While I find your examples fascinating, I remain convinced that most students would fare better if they did forgo jumping to a calculator in an elusive attempt to stumble on a solution for a problem they hardly understand.
For reference, both of my children took the SAT without using the calculator as they had prepared under such a condition. The oldest one researched the impact of a calculator in great depth and concluded that a well-prepared student would complete each section faster without relying on a crutch.
Again, I love your examples and I am happy to agree that it might help a few people on the new SAT. Fair enough?
Experimenting with the calculator on test day is a no-no. The calculator on test day is just for procedures you know how to do well. Technology is dangerous unless used the right way.
What research did your son do? Any references?
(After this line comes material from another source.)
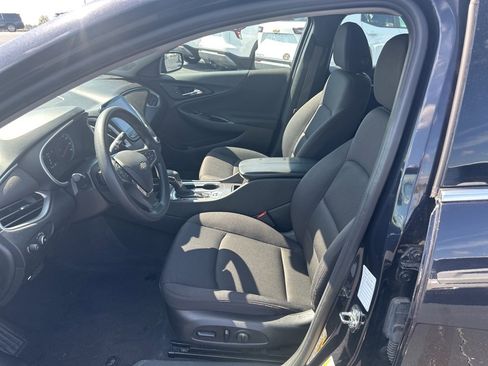 Used 2023 Chevrolet Malibu LT image 25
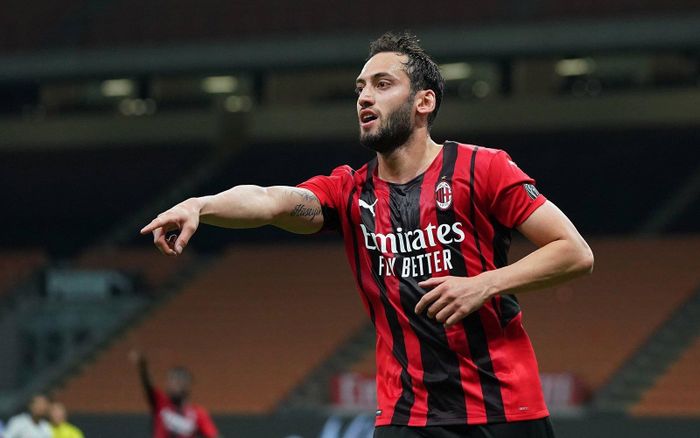 Arsenal vào cuộc lôi kéo Calhanoglu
Maybe he did not understand well what can be done with a CAS or how quickly it can be done. I agree that having a teacher who can show you how to use it properly can be an advantage because there is a learning curve.
It is impossible for me to pin down exactly how many points students were able to add with CAS on the old SAT, but I would estimate around 50-80 for bad-algebra students and around 30-40 for reasonably-good algebra students. I had a kid who scored 760 M who loved the CAS. I don’t know if he added any points because of it but it made him happier anyway. I myself far prefer pencil algebra to CAS, but I would definitely bring my calculator to the new SAT. I might not use it at all, but it might come in handy for annoying algebra or double-checking for careless errors. You never know for sure what might turn up, especially on the new test with its emphasis on Algebra 2. You can also use the history to review things later.
fmax and fmin return the X-coordinates, not the y-coordinates, of the maximum and minimum. Further, you do not need to add the interval endpoints if you are considering all real numbers. I would do these two problems (and all max/min problems) as follows:
CAS solution
Define f(t)=100t-4.9t^2
fmax(f(t),t) Enter
returns t=10.20141 — This is the answer to question 31
f(10.2) Enter
returns 510.204 – This is the answer to question 30.
It looks like projectile motion problems will be popular on the new SAT. So far I have only seen the simplified kind with purely vertical motion. A side note: Official PSAT Practice Test questions 30-31 are not very “real world”: who shoots an arrow straight up in the air?
Another standard question of this general type would be:
If we shoot a projectile straight up with a given initial velocity and from a given initial height, after how much time will it hit the ground? Supposing in the previous problem, the arrow is shot from a height of 2 meters with an initial velocity of 100 m/sec, and we want to know after how many seconds it hits the ground.
CAS Solution
Define f(t)=2+100t-4.9t^2
solve(f(t)=0,t)
returns t=-0.01998 or t=20.4281
I’d like to return to the point that it is going to be really important for the new SAT to know the vertex and x-intercept forms of the parabola.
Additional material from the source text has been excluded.